Mais, pour le cas où il vous arriverait entre deux idées pétaradantes de vous ennuyer un peu de nous, je vous laisse ici même quelques réflexions qui pourraient vous aider à meubler vos périodes creuses. Et puisque cette semaine vous nous parlez de procréation, et avant que vous n’alliez commettre l’irréparable – si ce n’est déjà fait, voici une observation de Georges Courteline (1858-1929), écrivain et auteur dramatique français: « Un des plus clairs effets de la présence d’un enfant dans le ménage est de rendre complètement idiots de braves parents qui, sans lui, n’eussent peut-être été que de simples imbéciles ». Mais peut-être que cela ne s’applique pas aux écrivains…
Et il y a Étienne Rey (tiens, d’où sort-il celui-là? je n’ai rien sur lui…) qui écrit quant à lui: « On appelle famille un groupe d’individus unis par le sang et brouillés par des questions d’argent ». Par contre, cette fois, cela ne s’applique certainement pas aux écrivains! Pensez-y donc: des questions d’argent! J’espère que vous vous ennuyez déjà un peu moins, monsieur Dickner, et que votre révolution va bon train. Soit dit en passant, n’est-ce pas un peu dispendieux, une révolution? À coup sûr plus qu’une petite famille, non?
Il va vous falloir du financement, pauvre de vous. Voici donc un conseil judicieux de la part de Jean de La Bruyère (1645-1696), moraliste français: « De tous les moyens de faire sa fortune, le plus court et le meilleur est de mettre les gens à voir clairement leurs intérêts à vous faire du bien ». De la sorte, vous pourriez à la fois avoir une famille et une révolution!
Peu de gens vivent de leur plume. Choisir cette forme de réalisation exige beaucoup de sacrifices. La jouissance d’atteindre cette forme d’expression doit être grande, car l’enjeu n’en vaudrait pas la peine. Écrire doit être vital, sinon ce choix peut devenir très lourd.

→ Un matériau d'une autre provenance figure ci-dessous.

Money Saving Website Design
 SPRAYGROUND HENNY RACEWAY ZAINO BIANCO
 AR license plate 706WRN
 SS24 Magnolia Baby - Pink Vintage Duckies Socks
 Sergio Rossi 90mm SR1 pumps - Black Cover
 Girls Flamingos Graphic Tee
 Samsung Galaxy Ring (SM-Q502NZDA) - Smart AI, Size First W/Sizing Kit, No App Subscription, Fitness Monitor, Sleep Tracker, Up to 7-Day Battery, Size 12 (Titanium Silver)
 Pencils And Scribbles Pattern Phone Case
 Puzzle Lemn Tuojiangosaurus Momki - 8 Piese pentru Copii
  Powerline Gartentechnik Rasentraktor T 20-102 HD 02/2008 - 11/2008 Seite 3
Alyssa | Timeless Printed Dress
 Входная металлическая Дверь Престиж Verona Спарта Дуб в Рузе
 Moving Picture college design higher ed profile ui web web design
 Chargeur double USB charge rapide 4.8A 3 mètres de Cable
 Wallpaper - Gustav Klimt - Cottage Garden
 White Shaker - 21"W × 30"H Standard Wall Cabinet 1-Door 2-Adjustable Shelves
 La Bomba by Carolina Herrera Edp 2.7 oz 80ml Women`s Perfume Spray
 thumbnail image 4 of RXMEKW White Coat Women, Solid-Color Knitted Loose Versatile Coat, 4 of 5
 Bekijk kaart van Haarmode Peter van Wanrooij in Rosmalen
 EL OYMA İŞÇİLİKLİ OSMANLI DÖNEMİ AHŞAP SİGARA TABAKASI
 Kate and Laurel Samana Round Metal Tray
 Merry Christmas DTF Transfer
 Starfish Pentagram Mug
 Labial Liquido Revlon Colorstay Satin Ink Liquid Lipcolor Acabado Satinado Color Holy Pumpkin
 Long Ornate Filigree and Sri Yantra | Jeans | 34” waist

Avoir des enfants dans ces conditions, de légèreté de l’être et de réalité, demande une énorme créativité et un système de défense hyper blindé, afin de préserver l’enfant des attaques de la normalité, qui s’impose. La marginallté a ses aises, mais aussi sa solitude.
Personnellement, sans baigner aisément dans la réalité, la nécessité de s’en préserver demeure. L’ignorer génère une réalité encore plus laide et, attention de ne pas basculer dans une autre réalité, qui peut être encore moins rose. L’art n’est pas toujours de toute beauté!
Parmi nos romanciers les plus prolifiques et qui vivent de leur plume, on constate qu’ils n’ont pas eu d’enfants, sauf erreur c’est le cas de Marie Laberge, de Christine Brouillette, de Réjean Ducharme et de Michel Tremblay l’horaire et le cheminement des auteurs les plus inspirés et les plus productifs ne composent pas avec l’alaitement, le changement de couche, les allées et venues à la garderie, les rencontres de parents, les défis de l’adolescence et les tanguis. Marie Laberge se retire dans une maison de campagne, au bord de la mer, Michel Tremblay s’envole à Key West, Christine Brouillette cuisine ou collectionne les bons restaurants, quant à Réjean Ducharme, rapaillé et incognito, on ne sait rien de sa vie privée qui donne cour aux rumeurs. Sûrement que la majorité des grands romanciers français n’ont pas formé de famille et n’ont pas eu d’enfants, l’écrivain est majoritairemewnt un solitaire retiré dans son monde imaginaire, leur fécondité naît dans les pages de leur volume, il livre leur progégniture sur papier, il édite leur postérité et parfois ils versent une larme en écoutant la chanson que Jacques Brel avait écrite pour Pélula Clark ayant pour titre « Un enfant »…çà vous décroche un rêve.
Ce qu’il faut retirer de cette histoire, c’est qu’il ne faut pas trop écouter ce qu’on entend lors des 5 à 7; il vaut mieux s’empiffrer. Faire des enfants, voyons donc il n’y a pas que les écrivains qui ne devraient pas en faire, les politiciens aussi.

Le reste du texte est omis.